**THE DATA:**

■ ■ ■ ■ ■

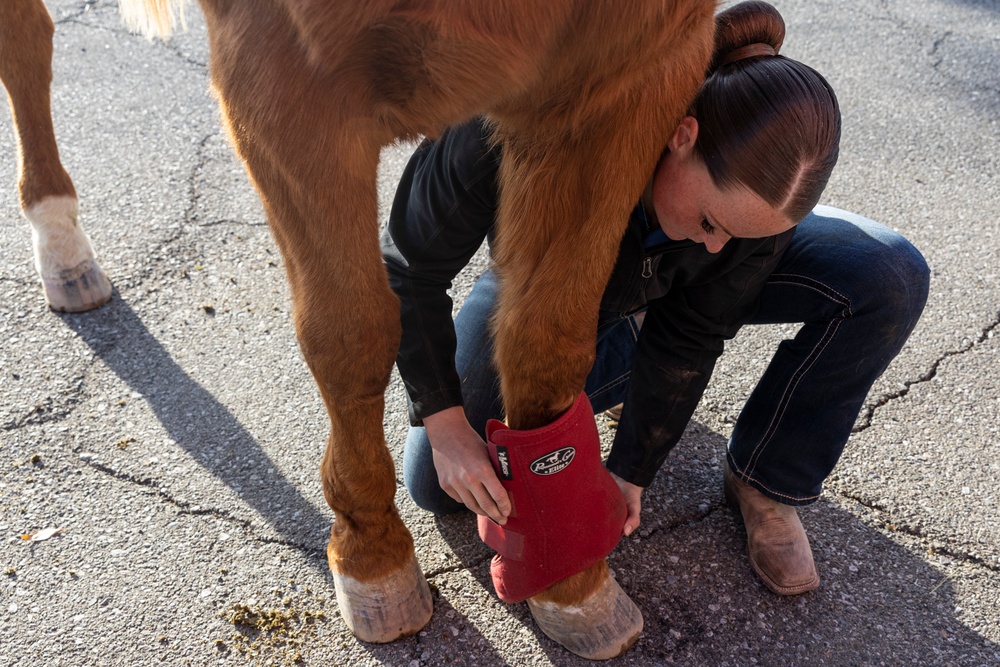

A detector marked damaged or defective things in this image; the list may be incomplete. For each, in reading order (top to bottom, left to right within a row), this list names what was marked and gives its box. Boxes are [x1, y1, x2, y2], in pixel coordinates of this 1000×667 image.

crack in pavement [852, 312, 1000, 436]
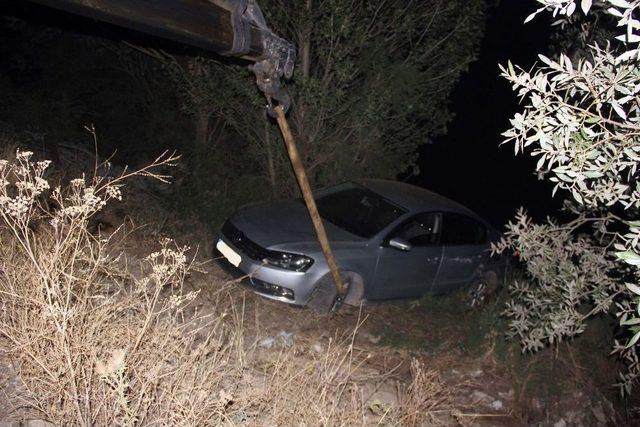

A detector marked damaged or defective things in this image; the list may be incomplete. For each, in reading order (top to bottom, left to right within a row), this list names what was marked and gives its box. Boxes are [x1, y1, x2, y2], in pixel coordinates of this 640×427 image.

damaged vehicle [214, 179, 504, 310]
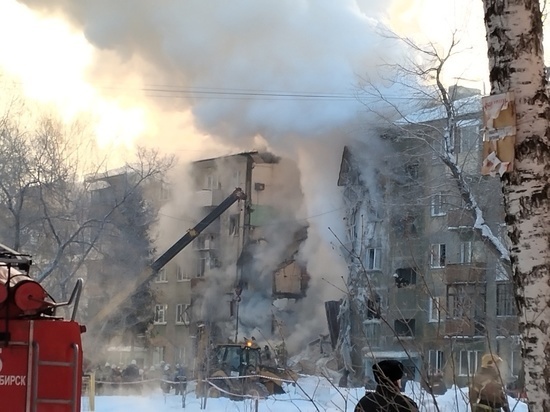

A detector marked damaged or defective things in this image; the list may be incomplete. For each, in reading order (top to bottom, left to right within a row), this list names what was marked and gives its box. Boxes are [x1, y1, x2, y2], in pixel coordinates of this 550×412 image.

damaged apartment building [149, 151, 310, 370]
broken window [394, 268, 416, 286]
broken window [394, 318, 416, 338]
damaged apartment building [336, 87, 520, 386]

■ ■ ■ ■ ■

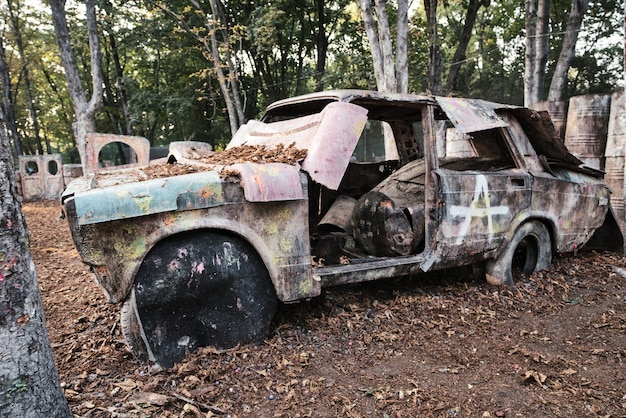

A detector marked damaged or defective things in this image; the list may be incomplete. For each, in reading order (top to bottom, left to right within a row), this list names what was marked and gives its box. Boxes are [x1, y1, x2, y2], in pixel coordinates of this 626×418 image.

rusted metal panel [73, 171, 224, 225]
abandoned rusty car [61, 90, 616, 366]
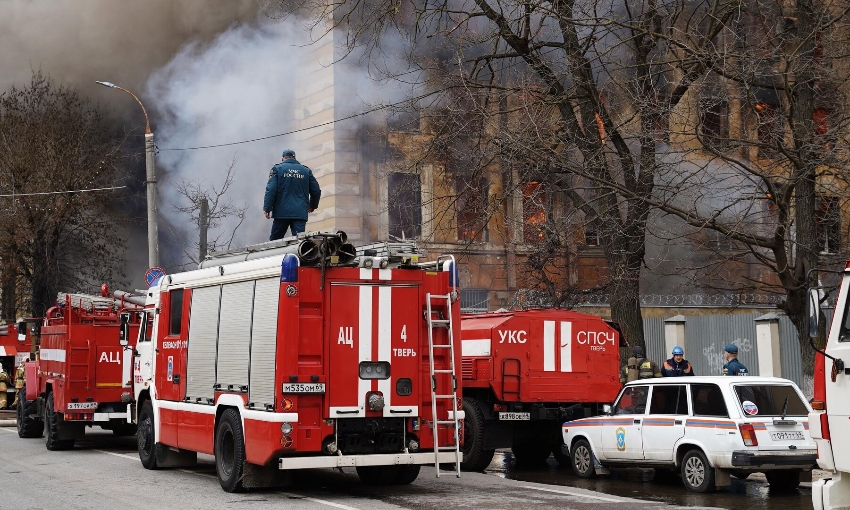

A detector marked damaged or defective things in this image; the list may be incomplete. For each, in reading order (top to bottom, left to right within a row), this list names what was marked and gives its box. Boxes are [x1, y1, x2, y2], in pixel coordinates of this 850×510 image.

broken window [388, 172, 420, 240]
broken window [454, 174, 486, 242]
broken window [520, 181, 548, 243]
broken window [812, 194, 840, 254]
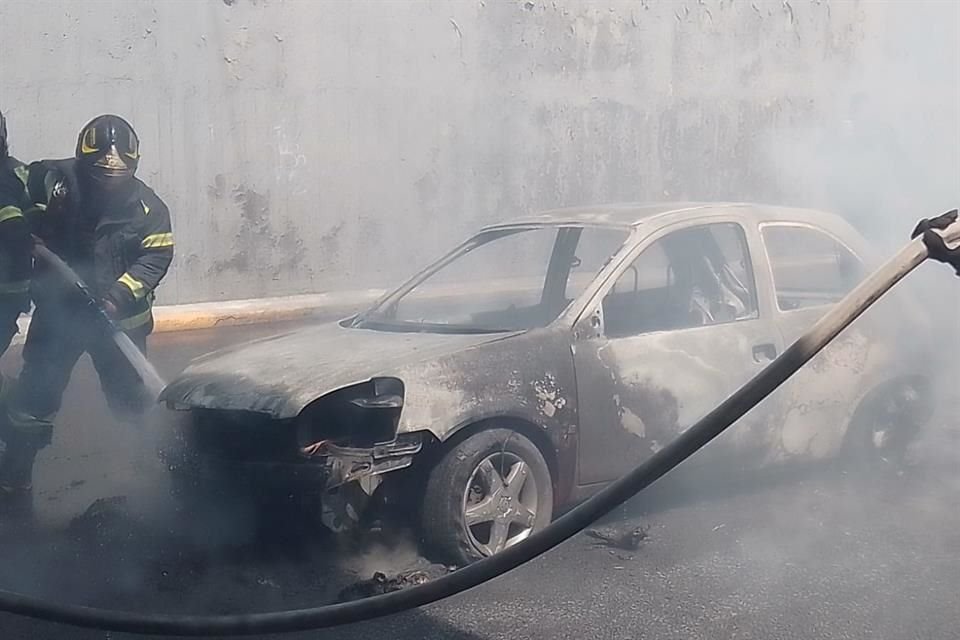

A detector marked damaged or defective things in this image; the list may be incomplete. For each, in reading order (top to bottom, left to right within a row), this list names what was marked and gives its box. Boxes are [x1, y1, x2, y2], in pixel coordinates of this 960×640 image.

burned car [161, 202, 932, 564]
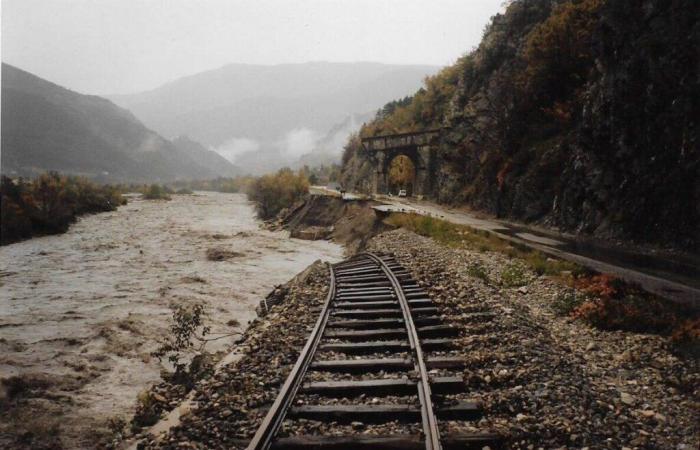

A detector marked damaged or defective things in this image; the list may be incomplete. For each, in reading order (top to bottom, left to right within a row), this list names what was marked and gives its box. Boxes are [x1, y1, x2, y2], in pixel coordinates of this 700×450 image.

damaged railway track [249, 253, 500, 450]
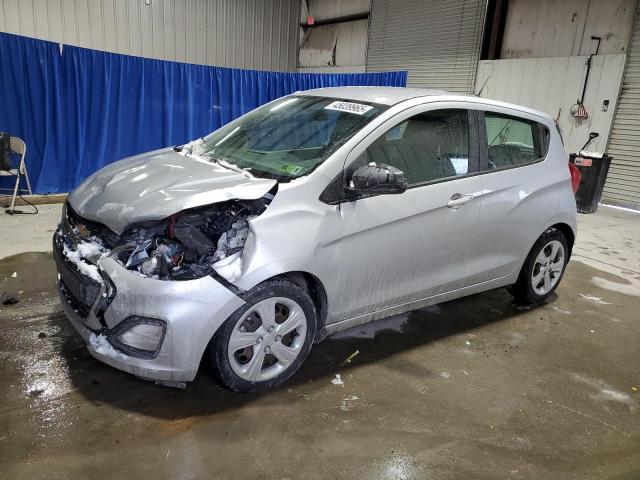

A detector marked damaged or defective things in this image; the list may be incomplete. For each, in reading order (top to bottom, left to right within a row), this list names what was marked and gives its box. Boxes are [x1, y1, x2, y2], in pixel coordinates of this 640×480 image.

■ ■ ■ ■ ■

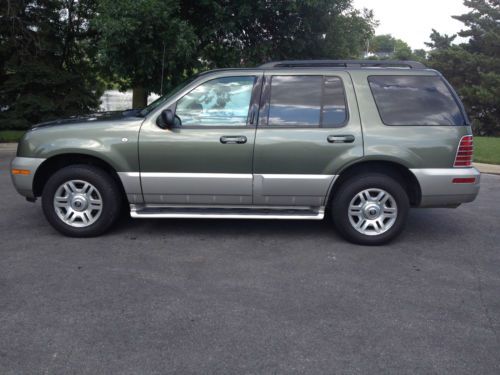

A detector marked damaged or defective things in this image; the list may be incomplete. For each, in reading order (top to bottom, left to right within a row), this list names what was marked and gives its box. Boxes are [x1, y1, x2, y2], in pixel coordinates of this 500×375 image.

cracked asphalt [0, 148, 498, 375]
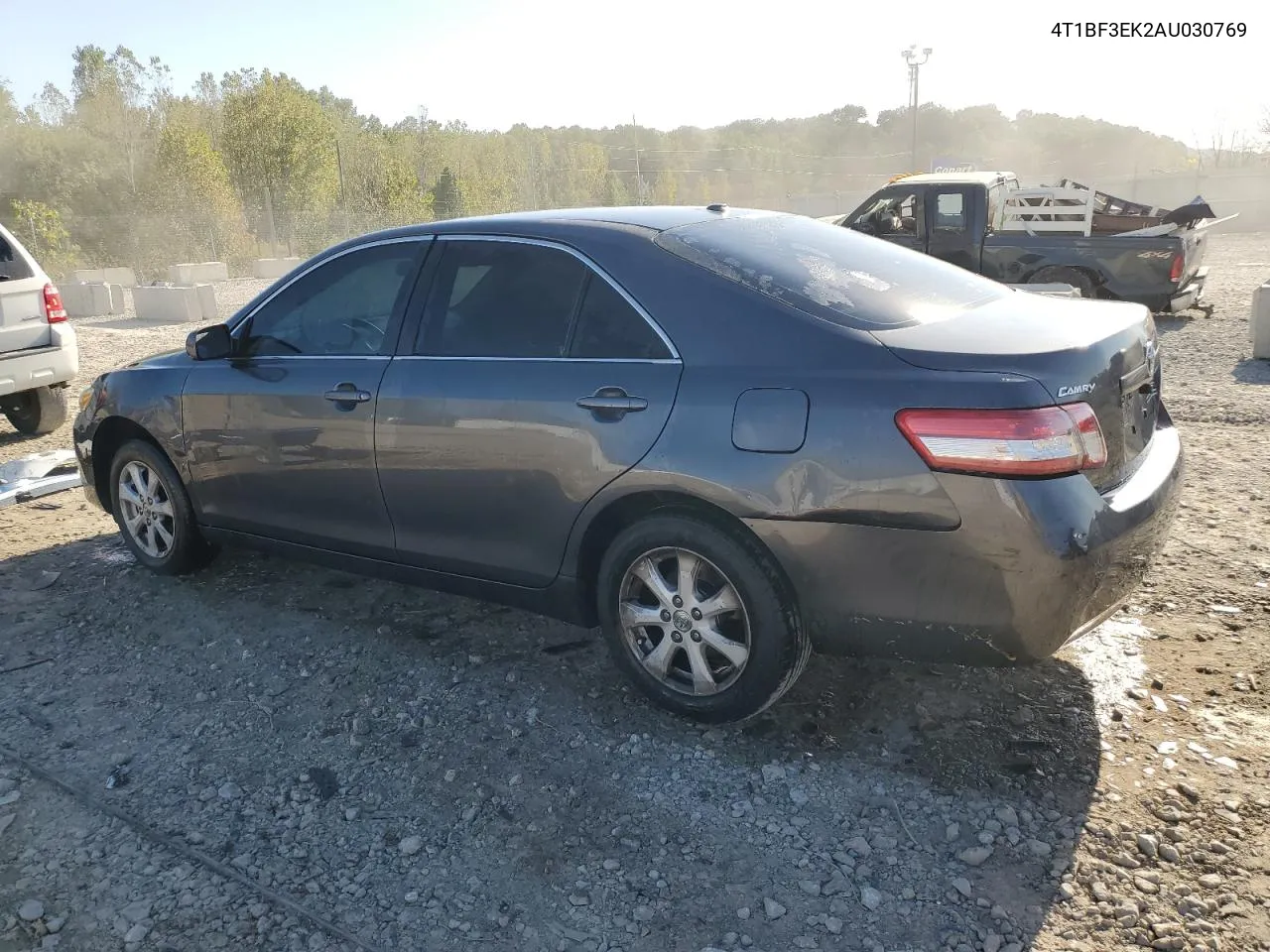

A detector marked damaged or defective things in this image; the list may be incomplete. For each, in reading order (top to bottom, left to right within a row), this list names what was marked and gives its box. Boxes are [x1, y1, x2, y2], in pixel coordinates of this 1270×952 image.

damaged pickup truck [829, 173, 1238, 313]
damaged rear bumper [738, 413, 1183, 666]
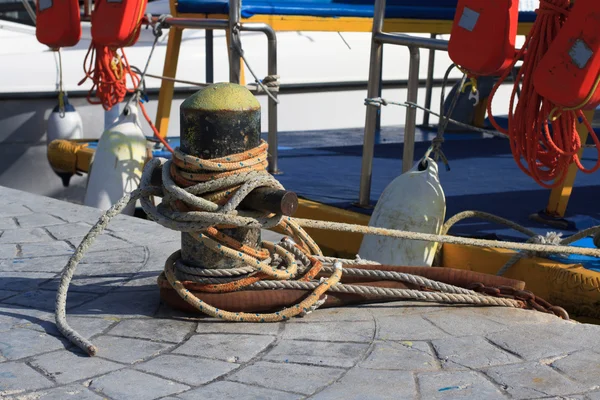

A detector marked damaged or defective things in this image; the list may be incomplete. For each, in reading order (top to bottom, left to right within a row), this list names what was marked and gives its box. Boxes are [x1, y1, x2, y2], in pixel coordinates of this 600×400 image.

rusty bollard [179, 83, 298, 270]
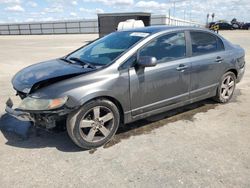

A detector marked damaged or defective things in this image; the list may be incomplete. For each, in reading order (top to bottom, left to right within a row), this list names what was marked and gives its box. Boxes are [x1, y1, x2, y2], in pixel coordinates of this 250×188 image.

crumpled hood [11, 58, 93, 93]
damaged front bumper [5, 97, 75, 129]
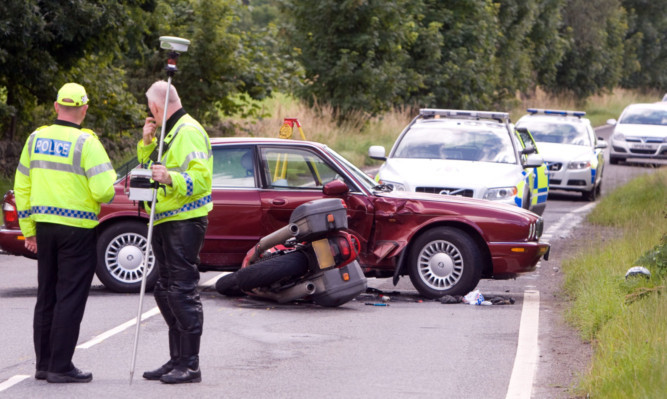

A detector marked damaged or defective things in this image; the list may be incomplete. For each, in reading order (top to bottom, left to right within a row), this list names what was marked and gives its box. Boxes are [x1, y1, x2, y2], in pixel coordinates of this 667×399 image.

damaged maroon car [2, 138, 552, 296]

■ ■ ■ ■ ■

**WHAT YOU SHOULD DO:** Only the lines between the one with "this 626×418 image." and the one with "this 640×480 image.", those two included, get copied from the material above. Keep it exact and free of pictures.

**OUTPUT OF THE EXERCISE:**
A detector marked damaged or defective things in this image; the list may be incomplete. For each, in reading order (top to bottom, left to right within a row), this list names what was marked and gives its box. Boxes are [x1, y1, x2, y2], in pixel coordinates of this 626×418 image.

rusted metal panel [73, 171, 224, 225]
abandoned rusty car [61, 90, 616, 366]

A detector marked damaged or defective things in this image; the list may be incomplete. For each, in reading order (top to bottom, left to right within a row), this list names what was marked and gives its box. Boxes are [x1, y1, x2, y2], in pixel coordinates of this 850×510 image.

broken window [388, 172, 420, 240]
broken window [454, 174, 486, 242]
broken window [520, 181, 548, 243]
broken window [812, 194, 840, 254]

A detector marked damaged or defective things in this image; the list may be incomplete. For each, in reading order (top to bottom, left to right within a row), this list names what was marked and gives its box. Boxes are [x1, y1, x2, y2], in pixel coordinates of this 960×640 image.

burned car [161, 202, 932, 564]

A detector marked damaged or defective things in this image; the list may be incomplete. For each, in reading order (top to bottom, left to right within a row), this list names what was marked and gives its box. Boxes are [x1, y1, x2, y2], in pixel coordinates of this 700×450 image.

damaged railway track [249, 253, 500, 450]

A detector marked damaged or defective things in this image; the list may be incomplete. For each, in reading order (top to bottom, left to right within a row), this list names what was marked and gives its box. Boxes are [x1, y1, x2, y2], in pixel coordinates of this 640×480 image.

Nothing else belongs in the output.